Building a Comprehensive Health Check

Production systems need deeper checks. Create a custom health controller that verifies each critical dependency:

# app/controllers/health_controller.rb
class HealthController < ActionController::API
  # Public endpoint for load balancers - minimal info
  def show
    checks = run_health_checks
    
    if checks.values.all? { |v| v[:healthy] }
      render json: { status: "healthy" }, status: :ok
    else
      render json: { status: "unhealthy" }, status: :service_unavailable
    end
  end
  
  # Detailed endpoint - protect with authentication or IP restriction
  def detailed
    checks = run_health_checks
    all_healthy = checks.values.all? { |v| v[:healthy] }
    
    render json: {
      status: all_healthy ? "healthy" : "unhealthy",
      timestamp: Time.current.iso8601,
      checks: checks
    }, status: all_healthy ? :ok : :service_unavailable
  end
  
  private
  
  def run_health_checks
    {
      database: check_database,
      redis: check_redis,
      queue: check_queue,
      disk: check_disk_space,
      memory: check_memory
    }
  end
  
  def check_database
    ActiveRecord::Base.connection.execute("SELECT 1")
    { healthy: true, message: "Connected" }
  rescue StandardError => e
    { healthy: false, message: e.message.truncate(100) }
  end
  
  def check_redis
    return { healthy: true, message: "Not configured" } unless defined?(Redis)
    
    redis = Redis.new(url: ENV.fetch("REDIS_URL", "redis://localhost:6379"))
    redis.ping
    { healthy: true, message: "Connected" }
  rescue StandardError => e
    { healthy: false, message: e.message.truncate(100) }
  end
  
  def check_queue
    # Check Solid Queue health by verifying the database table exists
    # and has been accessed recently by a worker
    SolidQueue::Process.where("last_heartbeat_at > ?", 5.minutes.ago).exists?
    { healthy: true, message: "Workers active" }
  rescue StandardError => e
    { healthy: false, message: e.message.truncate(100) }
  end
  
  def check_disk_space
    stat = Sys::Filesystem.stat("/")
    available_percent = (stat.blocks_available.to_f / stat.blocks * 100).round(1)
    
    if available_percent < 10
      { healthy: false, message: "#{available_percent}% available" }
    else
      { healthy: true, message: "#{available_percent}% available" }
    end
  rescue StandardError => e
    { healthy: true, message: "Check unavailable" }
  end
  
  def check_memory
    return { healthy: true, message: "Check unavailable" } unless File.exist?("/proc/meminfo")
    
    meminfo = File.read("/proc/meminfo")
    total = meminfo[/MemTotal:\s+(\d+)/, 1].to_i
    available = meminfo[/MemAvailable:\s+(\d+)/, 1].to_i
    available_percent = (available.to_f / total * 100).round(1)
    
    if available_percent < 10
      { healthy: false, message: "#{available_percent}% available" }
    else
      { healthy: true, message: "#{available_percent}% available" }
    end
  rescue StandardError => e
    { healthy: true, message: "Check unavailable" }
  end
end

Add the sys-filesystem gem to the Gemfile for disk space checks, or remove that check if running in containers where disk monitoring happens elsewhere.

Routing and Security

Health check endpoints present a security consideration.

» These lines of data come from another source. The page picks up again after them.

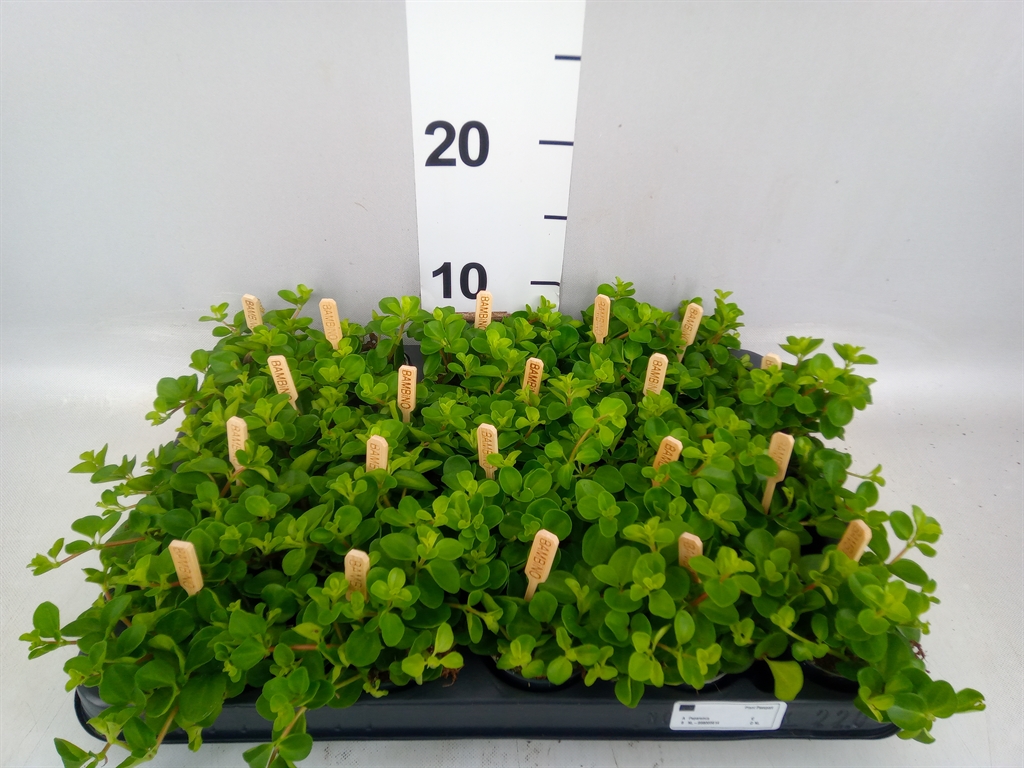 Peperomia Rotundifolia 5Ø 10cm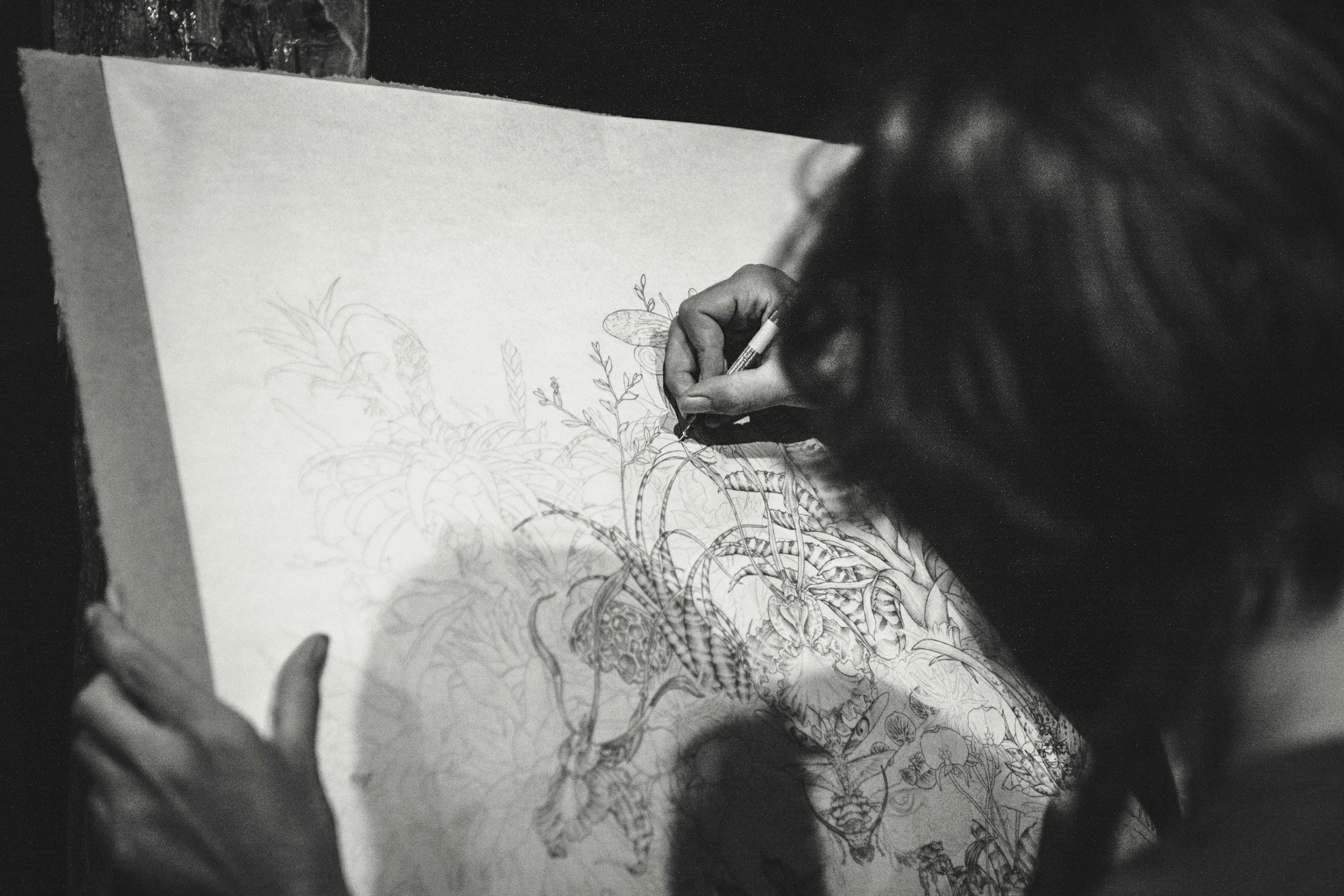 Drawing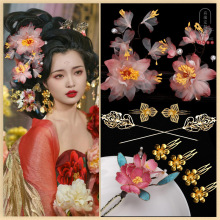 ���b�h�����L�ll�A�l�O�����ɚ��ɫ���A߅�A�������LTZ-019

The basic endpoint reveals whether your application runs—fine for public access. The detailed endpoint exposes infrastructure information—restrict it to internal networks or authenticated requests:

# config/routes.rb
Rails.application.routes.draw do
  # Public health check for load balancers
  get "health" => "health#show"
  
  # Detailed health check - consider protecting with constraints
  constraints ->(req) { internal_request?(req) } do
    get "health/detailed" => "health#detailed"
  end
  
  # ... rest of routes
end

# Helper method for IP-based restriction
def internal_request?(request)
  allowed_ips = %w[127.0.0.1 ::1 10.0.0.0/8 172.16.0.0/12 192.168.0.0/16]
  allowed_ips.any? { |ip| IPAddr.new(ip).include?(request.remote_ip) }
rescue IPAddr::InvalidAddressError
  false
end

For Kubernetes deployments, expose separate endpoints for liveness and readiness probes:

# config/routes.rb
Rails.application.routes.draw do
  # Liveness: Is the process running?
  get "health/live" => "health#live"
  
  # Readiness: Can this instance handle traffic?
  get "health/ready" => "health#ready"
end

# app/controllers/health_controller.rb
class HealthController < ActionController::API
  # Liveness check - just verify the process responds
  def live
    head :ok
  end
  
  # Readiness check - verify dependencies are available
  def ready
    ActiveRecord::Base.connection.execute("SELECT 1")
    head :ok
  rescue StandardError
    head :service_unavailable
  end
end

Adding Timeouts

Health checks should fail fast. A hanging database connection shouldn't make the health check hang for 30 seconds. Wrap checks in timeouts:

# app/controllers/health_controller.rb
class HealthController < ActionController::API
  TIMEOUT_SECONDS = 3
  
  private
  
  def check_database
    Timeout.timeout(TIMEOUT_SECONDS) do
      ActiveRecord::Base.connection.execute("SELECT 1")
    end
    { healthy: true, message: "Connected" }
  rescue Timeout::Error
    { healthy: false, message: "Connection timeout" }
  rescue StandardError => e
    { healthy: false, message: e.message.truncate(100) }
  end
end

Apply the same pattern to Redis and other external service checks. Three seconds works well for most deployments—long enough for a slow query under load, short enough to fail promptly when services are down.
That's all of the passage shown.